▶ _INFORMATION SHOWN_
----
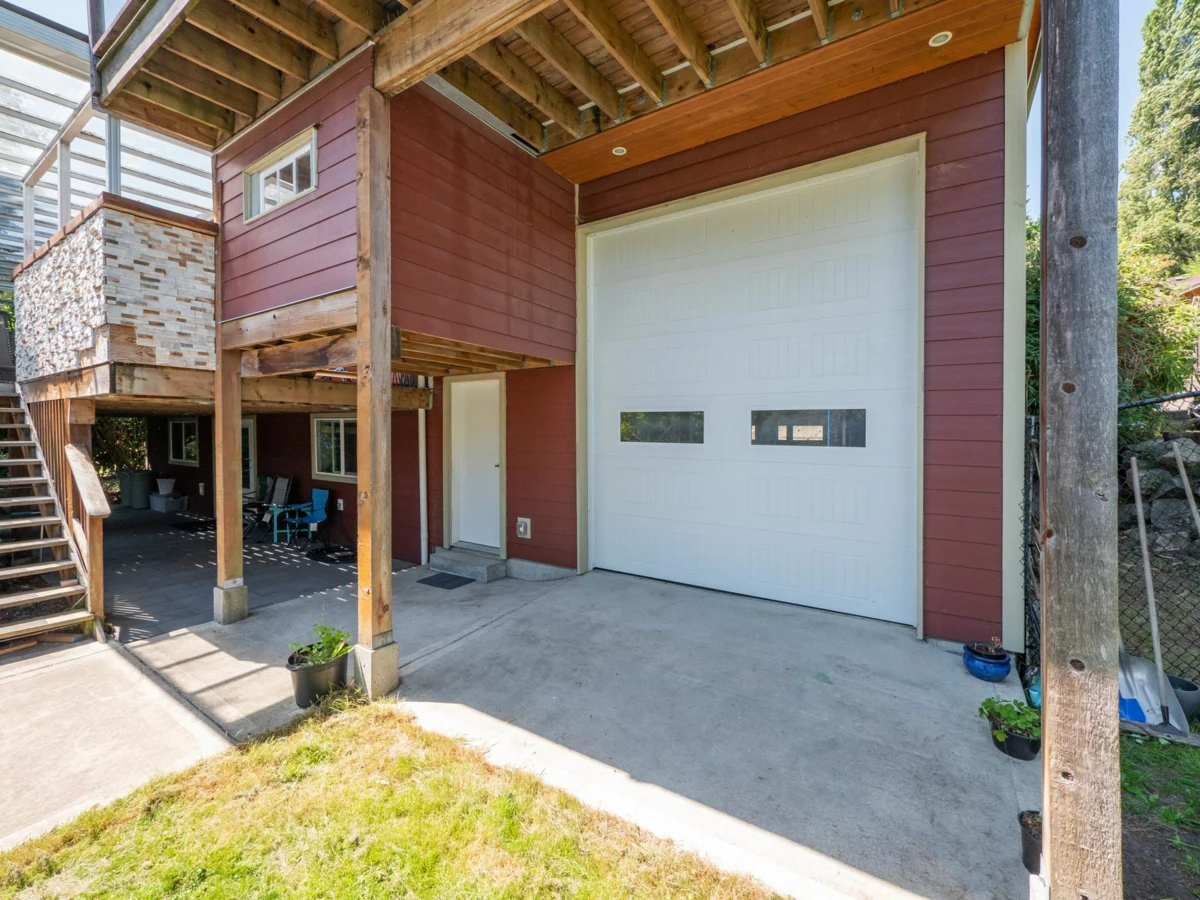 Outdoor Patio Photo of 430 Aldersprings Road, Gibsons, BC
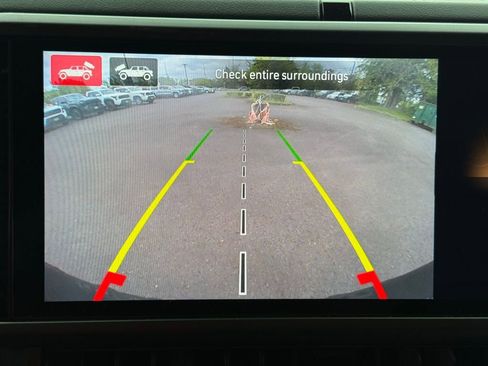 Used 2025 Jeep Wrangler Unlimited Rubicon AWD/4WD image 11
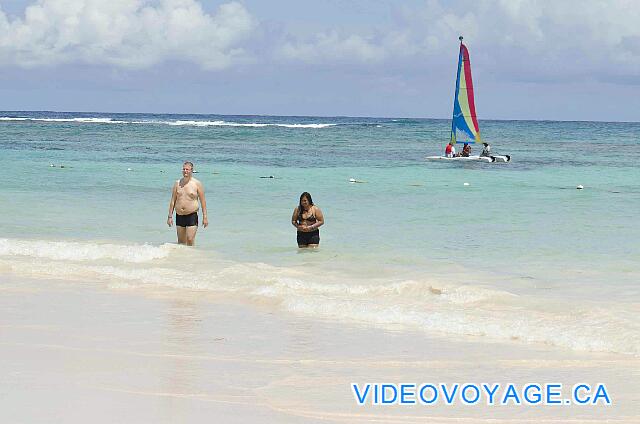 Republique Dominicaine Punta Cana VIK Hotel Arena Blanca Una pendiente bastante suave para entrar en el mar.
----
Quote, please, only the lines running from the one with "Used 2025 Jeep" down to the final line of the data above, keeping both ends and skipping the pictures.

▶ _SOLVED EXERCISE_
 Used 2025 Jeep Wrangler Unlimited Rubicon AWD/4WD image 11
 Republique Dominicaine Punta Cana VIK Hotel Arena Blanca Una pendiente bastante suave para entrar en el mar.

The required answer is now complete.